RECORDED INFORMATION below:

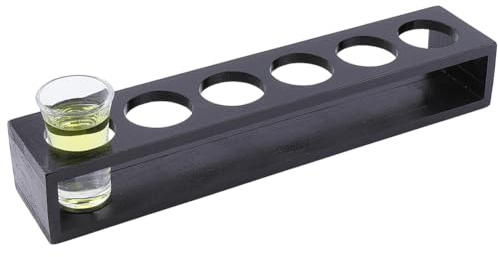 CREATCABIN Black Shot Glass Holder 6 Shot Glass Tray Holder Wooden 1.6 Inch Hole Cocktail Drinks Paddle Beer Wine Serving Displays Organizers Board Stand for Home Parties Bar 12.6x2.5x2 Inch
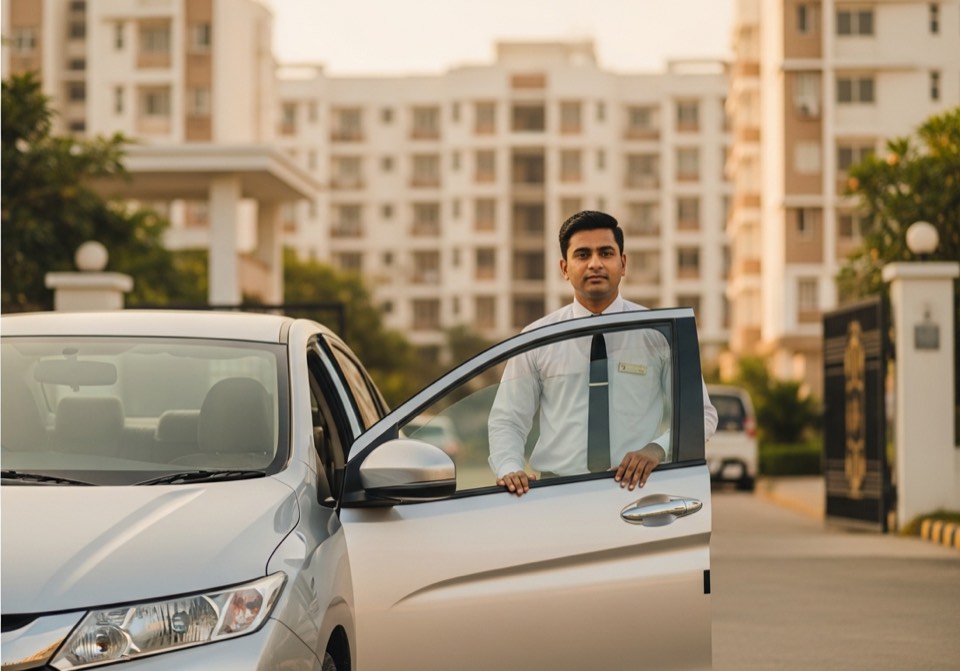 A DriverOnDoor driver holding open the door of a customer's car before a trip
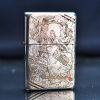 Zippo Bạc Khối Tái Bản 1937 Vintage Chặt Góc Khắc Hình Quan Vũ BK31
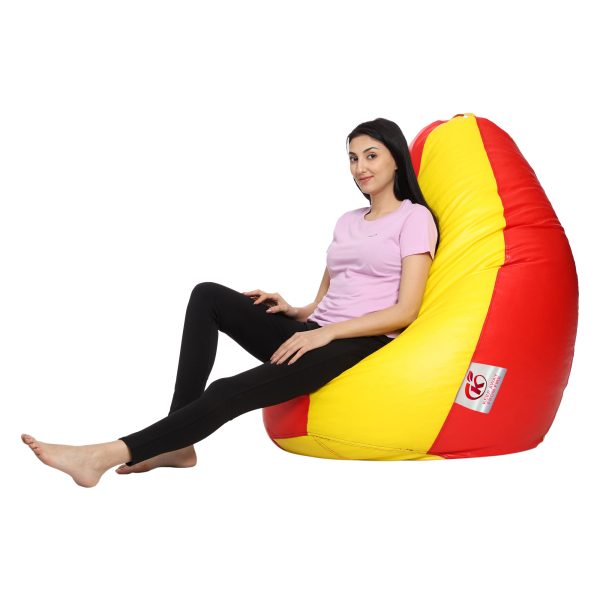 Yellow Red Bean Bag Filled - Image 4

End of RECORDED INFORMATION.

Word-for-word repeat, images excluded: return all the data.

**WRITTEN SOLUTION:**
 CREATCABIN Black Shot Glass Holder 6 Shot Glass Tray Holder Wooden 1.6 Inch Hole Cocktail Drinks Paddle Beer Wine Serving Displays Organizers Board Stand for Home Parties Bar 12.6x2.5x2 Inch
 A DriverOnDoor driver holding open the door of a customer's car before a trip
 Zippo Bạc Khối Tái Bản 1937 Vintage Chặt Góc Khắc Hình Quan Vũ BK31
 Yellow Red Bean Bag Filled - Image 4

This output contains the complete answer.